"The left needs two things to survive. It needs mediocrity, and it needs dependence. It nurtures mediocrity in the public schools and the universities. It nurtures dependence through its empire of government programs. A nation that embraces mediocrity and dependence betrays itself, and can only fade away, wondering all the time what might have been."
- Urgent Agenda
RASMUSSEN POLLS OBAMA APPROVAL - AT 9:37 P.M. ET: We now enter the period of Barack Obama's first 100 days as president, or, as the left calls it, Holy Week. And yet, the first messiah president's approval ratings aren't that Heavenly, at least according to Rasmussen. Percent approving, 54%, percent disapproving, 45%, a spread of only nine points.
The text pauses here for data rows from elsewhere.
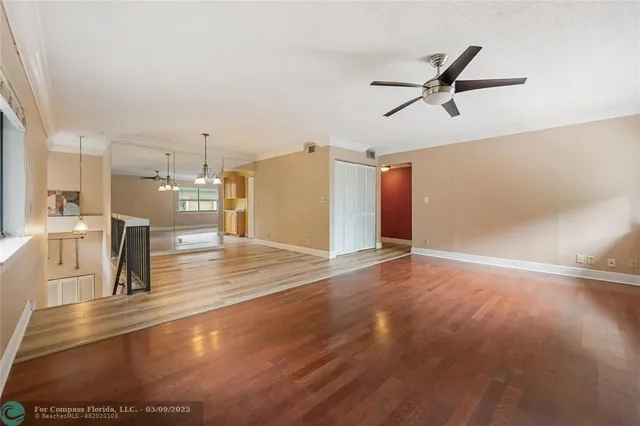 a view of a living room and kitchen with a sink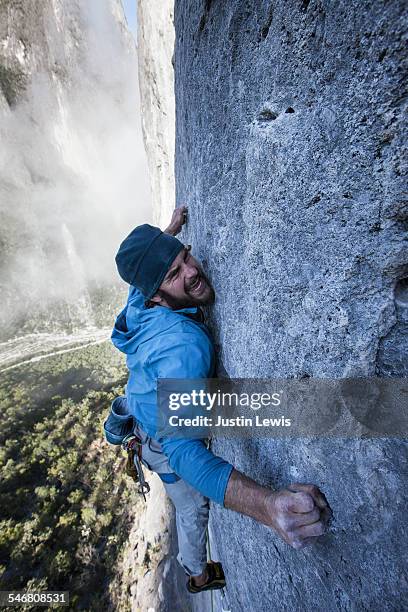 man barely hangs on rock wall - wonderlust2015 stock pictures, royalty-free photos & images
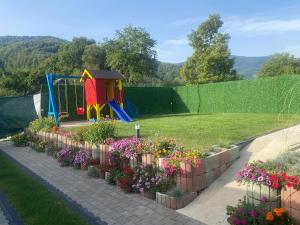 a garden with a playground and some flowers at Dutaka Boutique Villa with Pool in Polje Ostružnica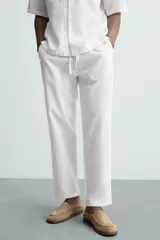 Pantalón de corte relajado color beige confeccionado en tejido de mezcla de algodón y lino. Posee cintura elástica ajustable con cordón, bolsillos frontales y bolsillos traseros de vivo.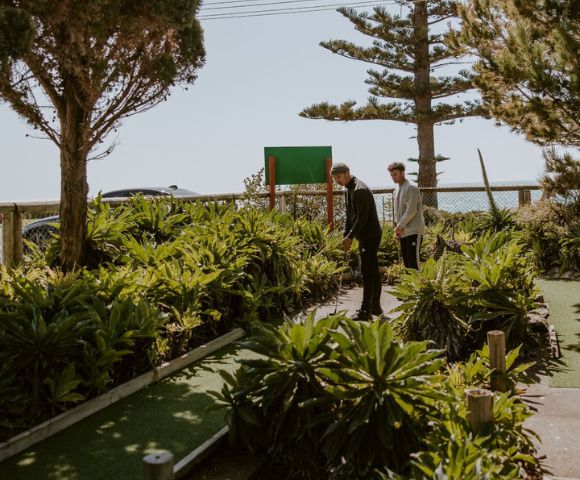 Two people play mini-golf on a sunlit course, surrounded by lush green plants and trees. A blue sky and ocean view create a serene backdrop.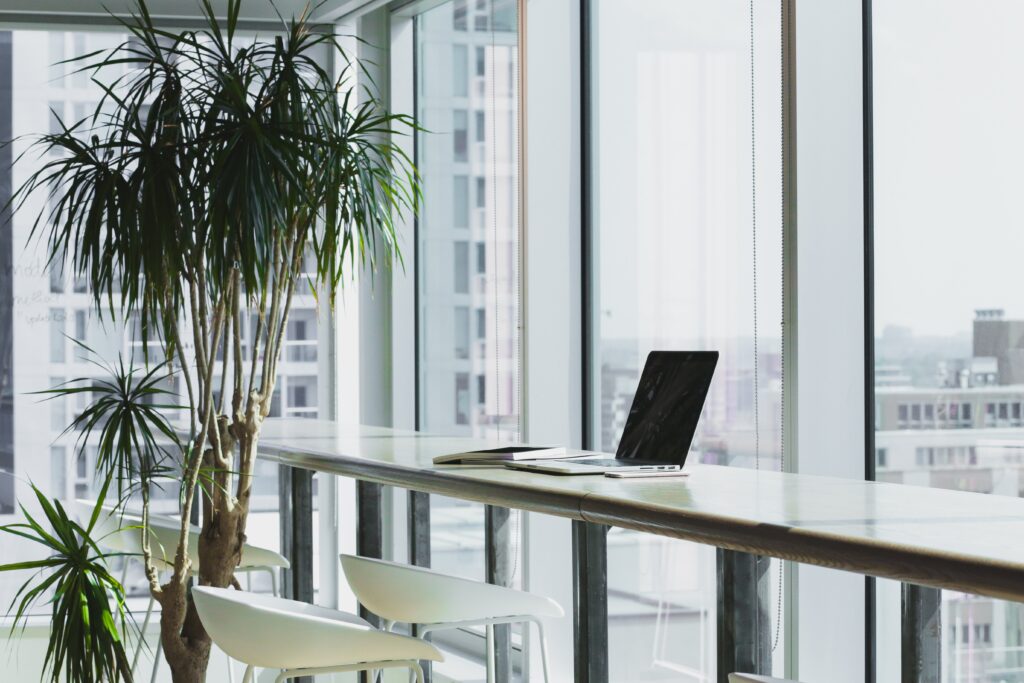 A coworking space with a white desk and a laptop on it.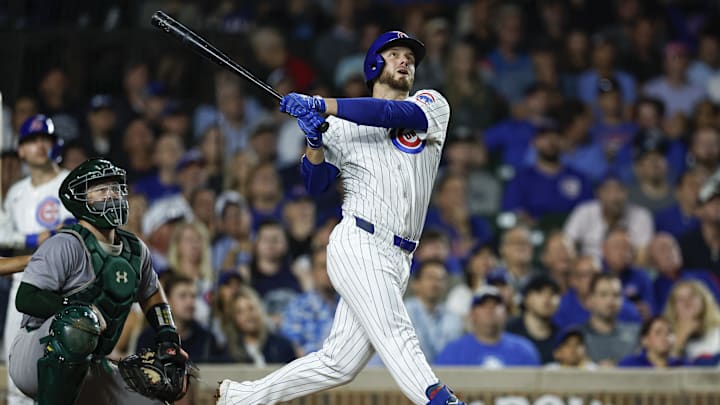 Sep 17, 2024; Chicago, Illinois, USA; Chicago Cubs first baseman Michael Busch (29) hits an RBI-single against the Oakland Athletics during the third inning at Wrigley Field. Sep 17, 2024; Chicago, Illinois, USA; Chicago Cubs first baseman Michael Busch (29) hits an RBI-single against the Oakland Athletics during the third inning at Wrigley Field.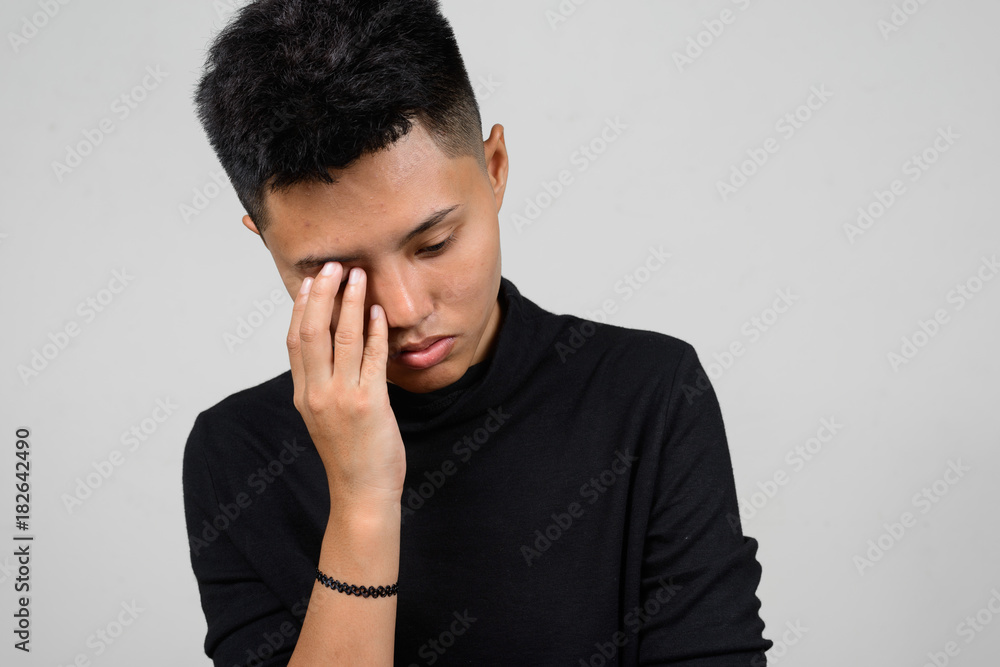 Portrait of Asian young tomboy looking sad and worried while thinking Portrait of Asian young tomboy looking sad and worried while thinking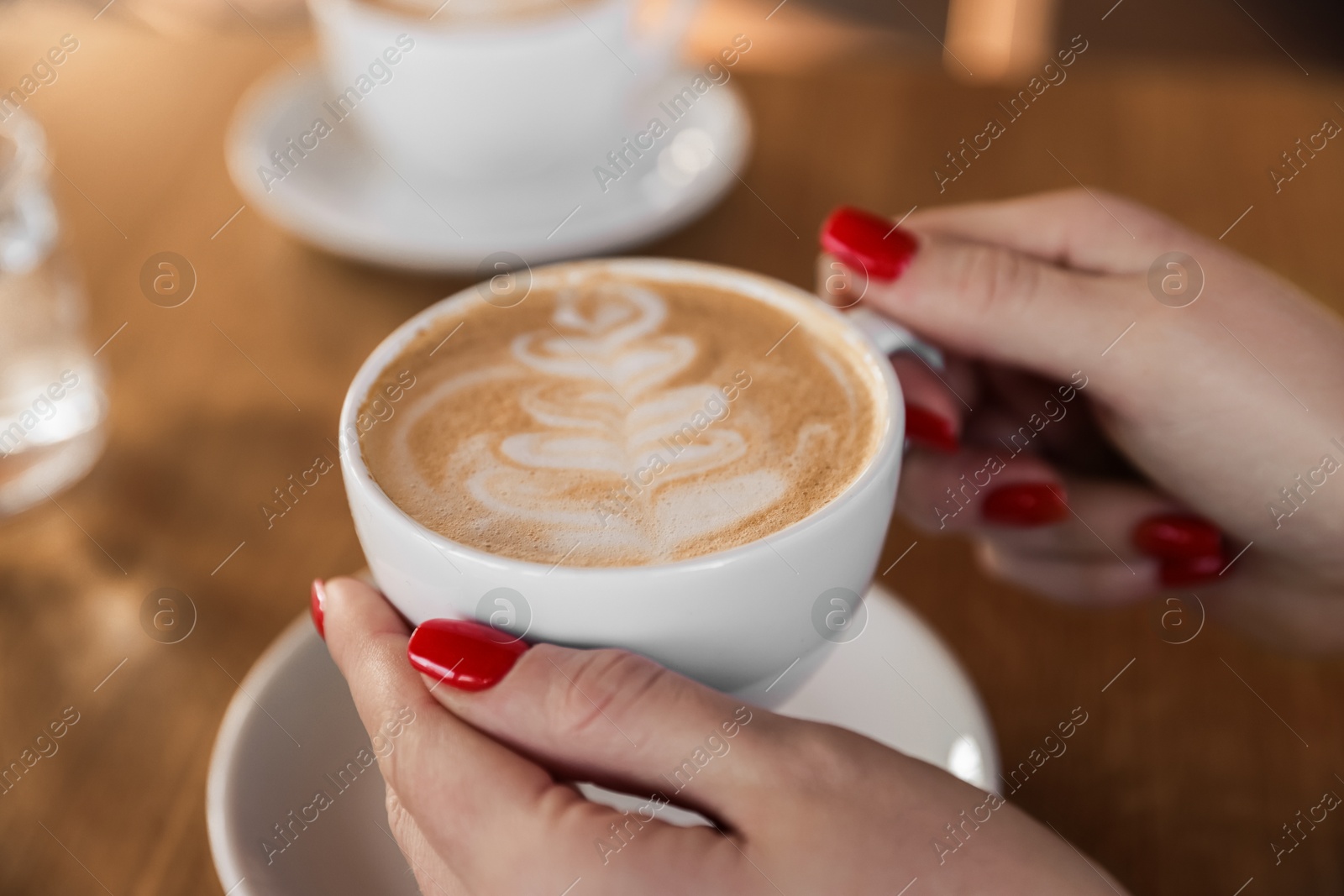 Photo of Woman with cup of aromatic coffee at table in cafe, closeup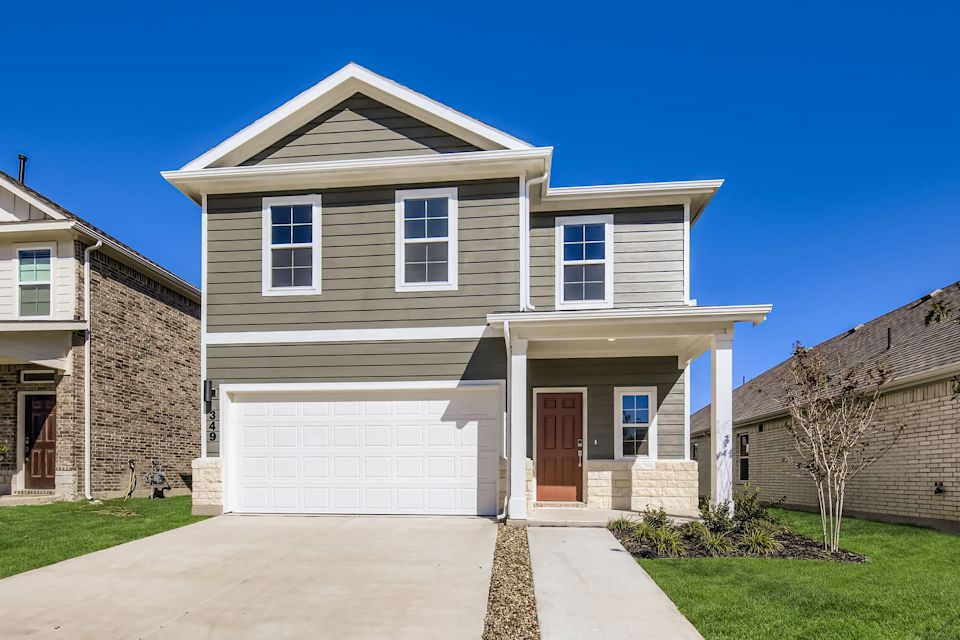 A white house with a garage.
Ras's presidential approval index, measuring the gap between those strongly approving and disapproving...three points, 35-32.
It's true that other polls have Mr. Obama stronger, but Rasmussen does the daily tracker and, I think, is more careful about the percent of Dems and Republicans he includes in the mix. The "strongly approve" figure of 35% is barely higher than the general 30% you can count on to support any liberal president, as long as he's breathing. Mr. Obama remains personally popular, but I suspect that some of his policies, and his foreign-policy gaffes, are starting to hurt.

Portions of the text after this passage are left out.